* PROBLEM REQUIREMENTS *
With the images removed, repeat the data below exactly.

* COLLECTED MATERIAL *
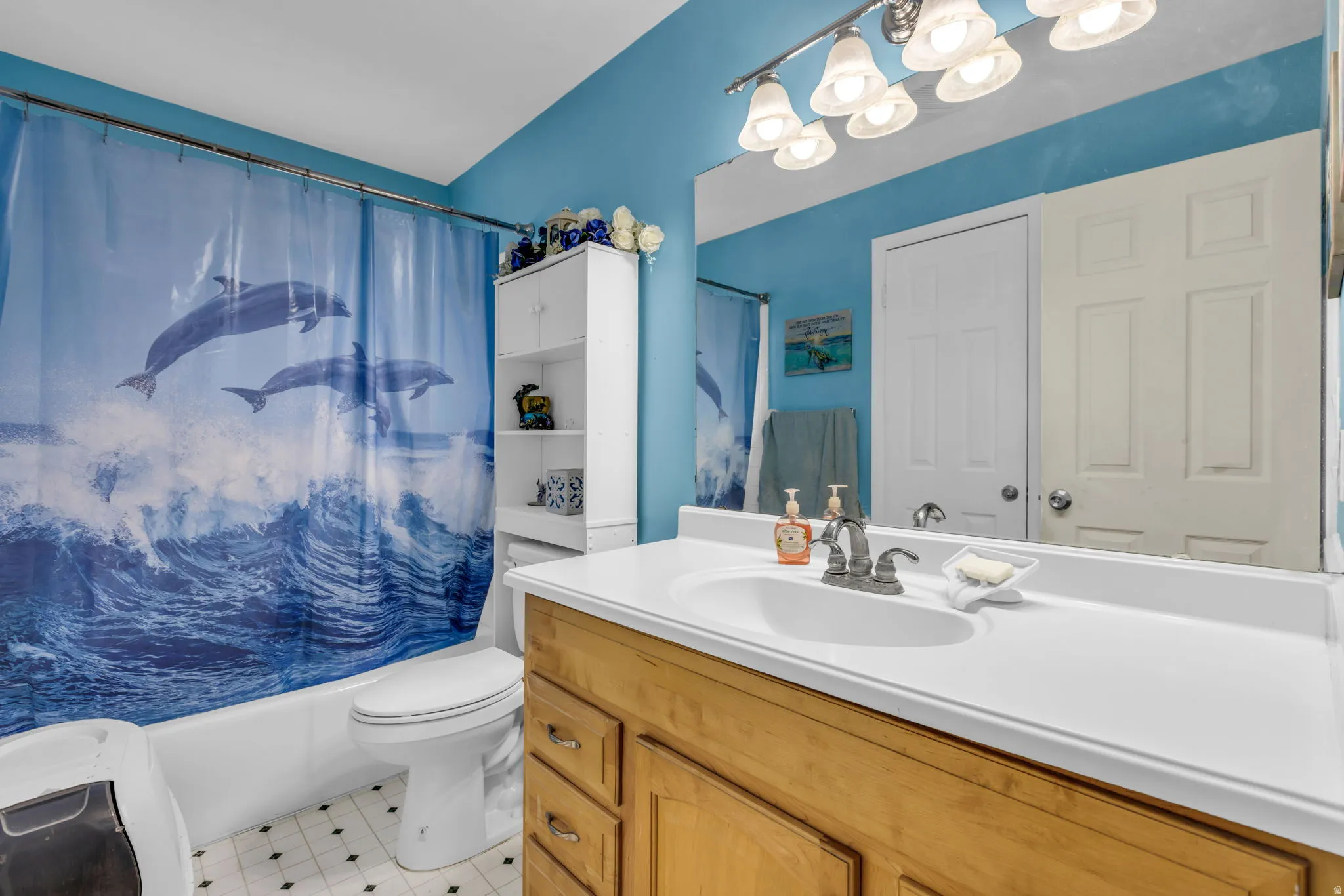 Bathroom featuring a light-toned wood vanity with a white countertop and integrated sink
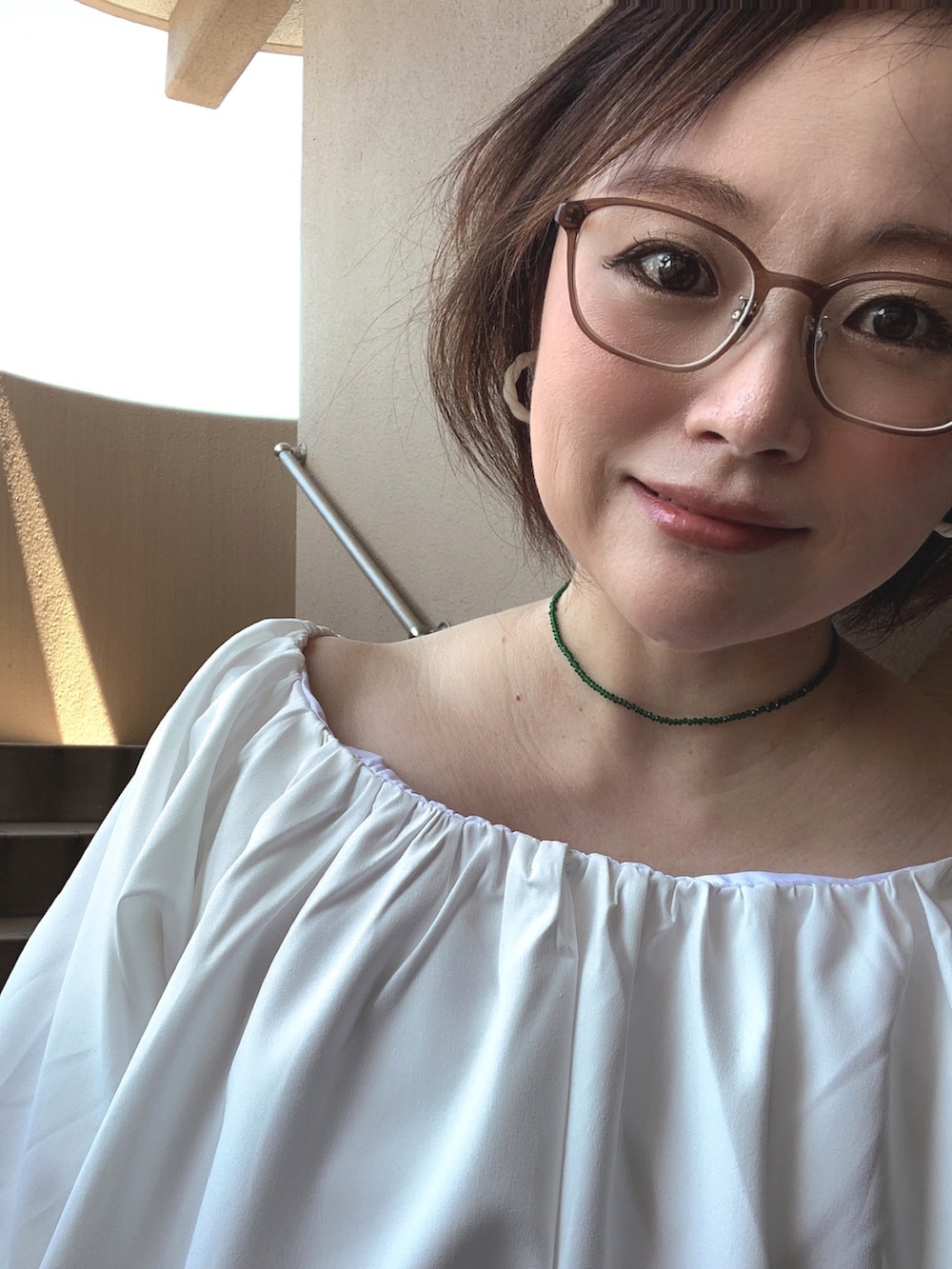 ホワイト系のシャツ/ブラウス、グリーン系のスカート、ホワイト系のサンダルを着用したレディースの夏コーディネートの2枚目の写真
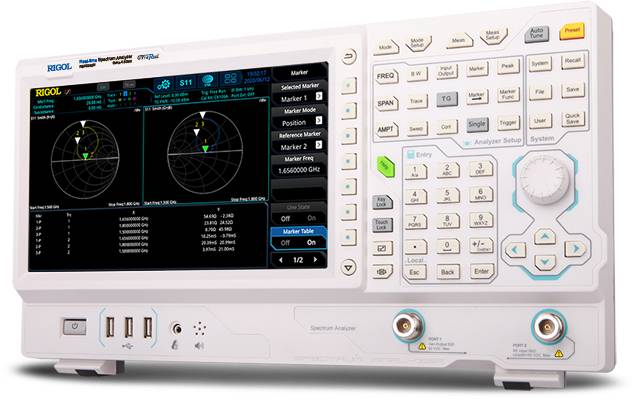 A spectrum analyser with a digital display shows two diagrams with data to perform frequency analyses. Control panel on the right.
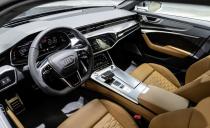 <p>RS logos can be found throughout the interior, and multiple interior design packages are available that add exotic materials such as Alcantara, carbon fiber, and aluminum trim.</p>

* SOLVED PROBLEM *
 Bathroom featuring a light-toned wood vanity with a white countertop and integrated sink
 ホワイト系のシャツ/ブラウス、グリーン系のスカート、ホワイト系のサンダルを着用したレディースの夏コーディネートの2枚目の写真
 A spectrum analyser with a digital display shows two diagrams with data to perform frequency analyses. Control panel on the right.
 <p>RS logos can be found throughout the interior, and multiple interior design packages are available that add exotic materials such as Alcantara, carbon fiber, and aluminum trim.</p>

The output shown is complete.